Image-text web data

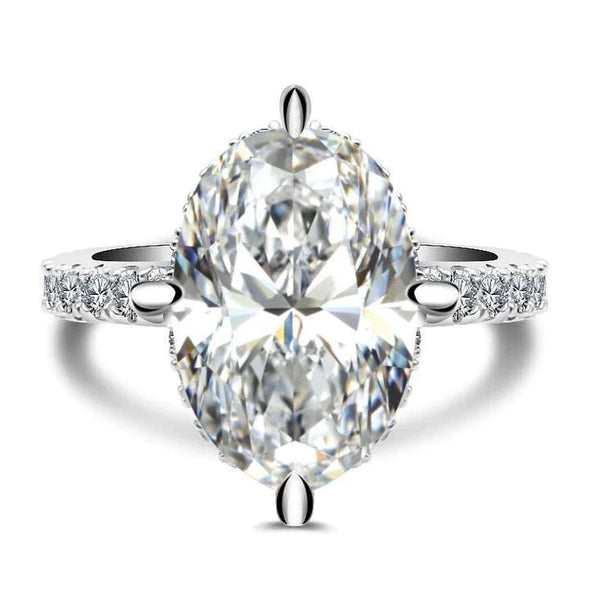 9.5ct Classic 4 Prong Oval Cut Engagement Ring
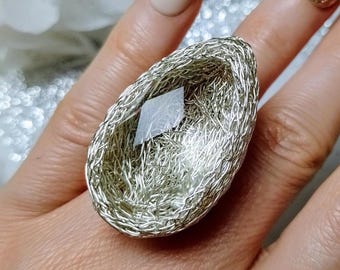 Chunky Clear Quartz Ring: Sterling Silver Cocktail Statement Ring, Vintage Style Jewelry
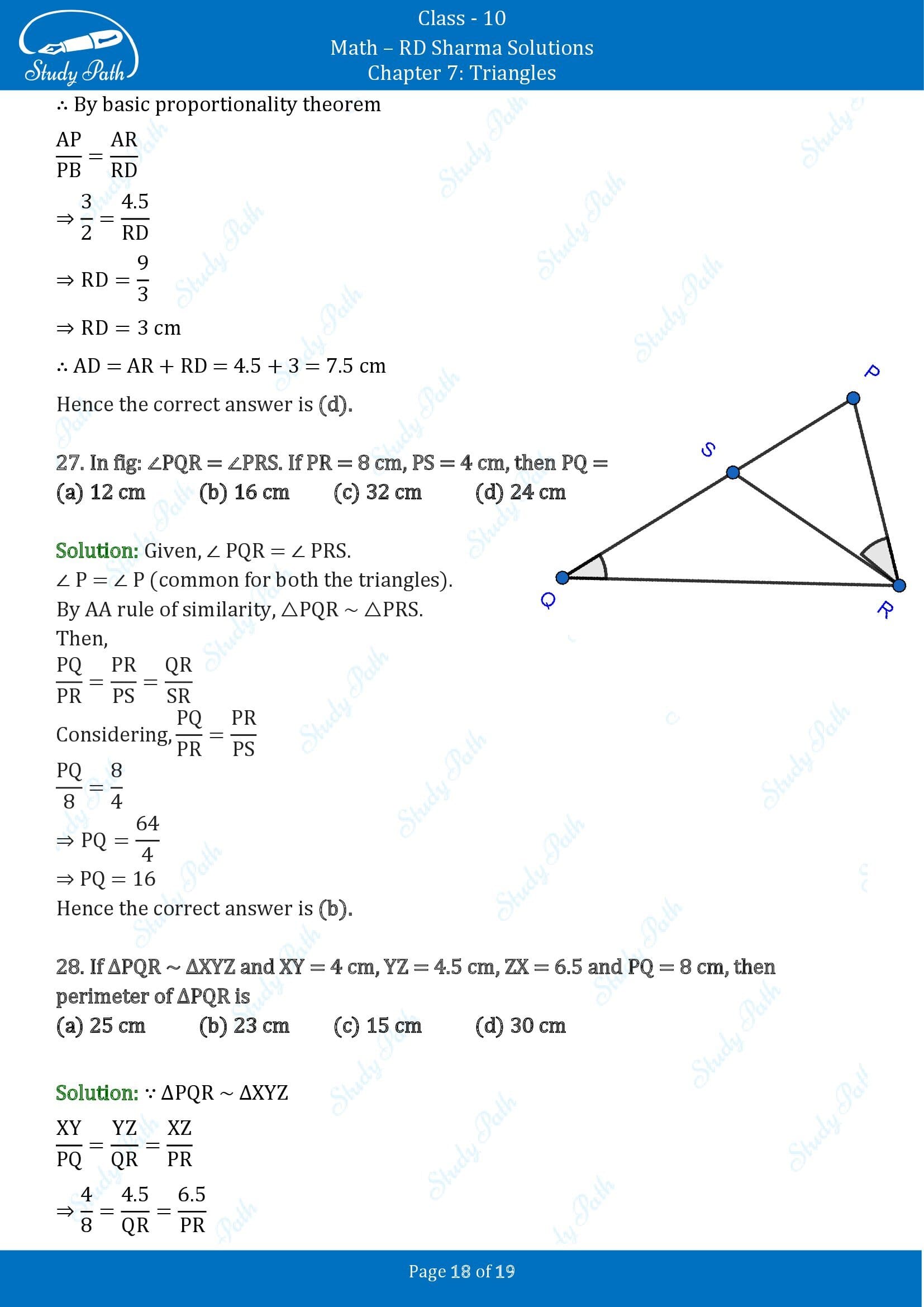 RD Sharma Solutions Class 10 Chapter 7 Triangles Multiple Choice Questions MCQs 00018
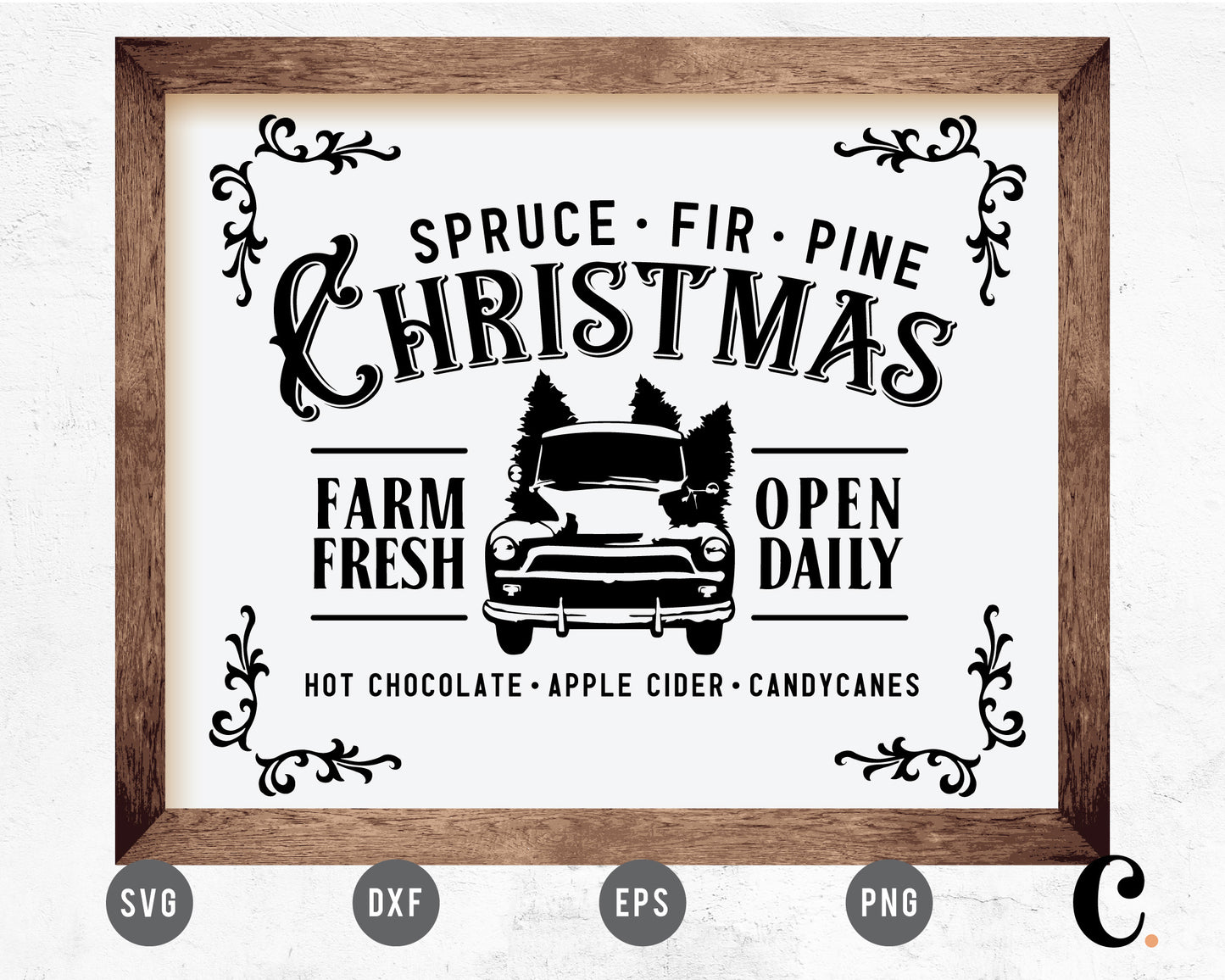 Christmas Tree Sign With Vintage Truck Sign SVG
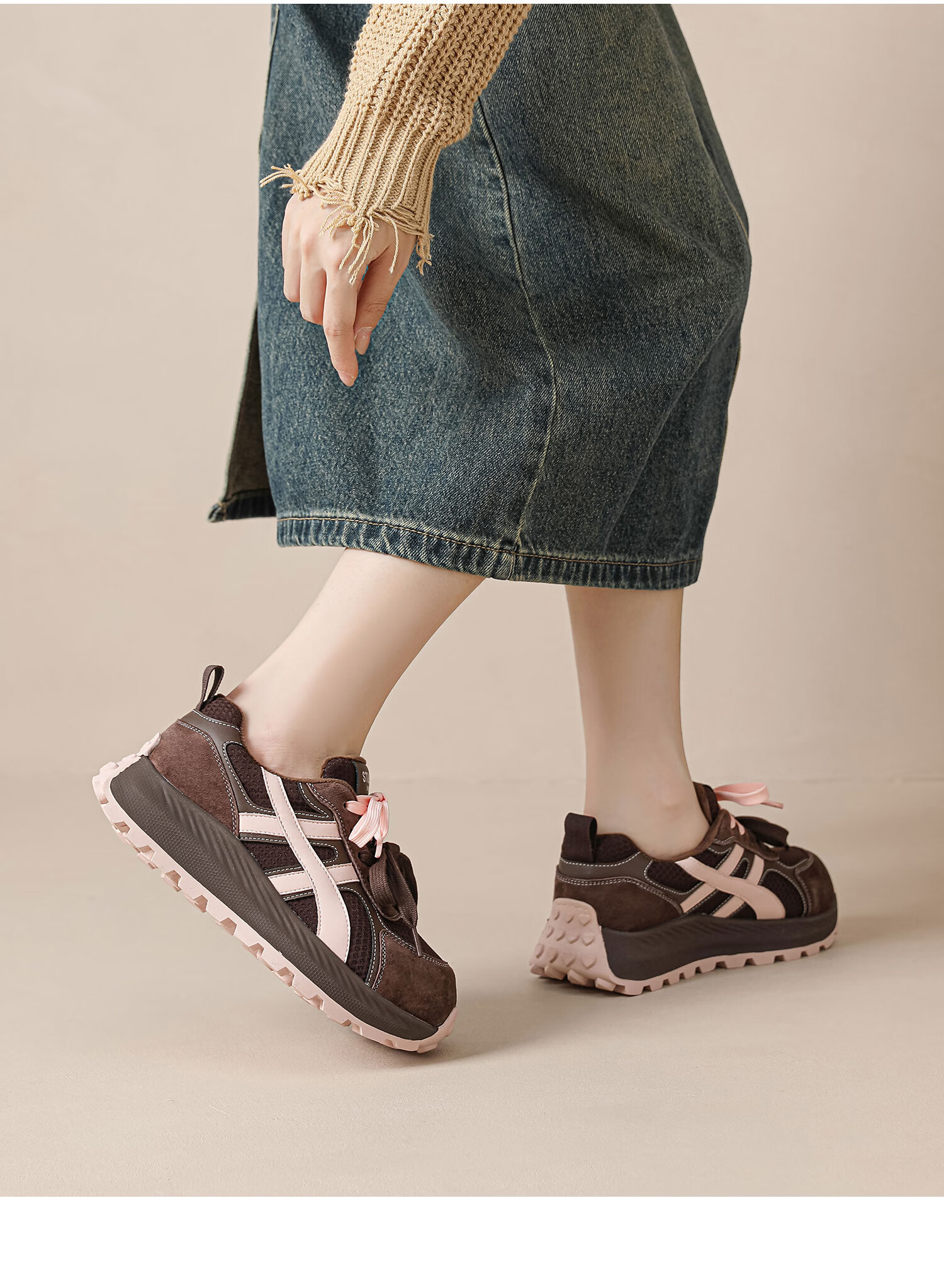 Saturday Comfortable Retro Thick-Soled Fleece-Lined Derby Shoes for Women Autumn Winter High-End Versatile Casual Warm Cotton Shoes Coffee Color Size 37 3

# WHAT YOU WILL DO:
Every line from the one containing "Chunky Clear Quartz" through the last line of the records is to be reproduced exactly, with pictures left out and nothing else given.

# ANSWER TO THE PROBLEM:
 Chunky Clear Quartz Ring: Sterling Silver Cocktail Statement Ring, Vintage Style Jewelry
 RD Sharma Solutions Class 10 Chapter 7 Triangles Multiple Choice Questions MCQs 00018
 Christmas Tree Sign With Vintage Truck Sign SVG
 Saturday Comfortable Retro Thick-Soled Fleece-Lined Derby Shoes for Women Autumn Winter High-End Versatile Casual Warm Cotton Shoes Coffee Color Size 37 3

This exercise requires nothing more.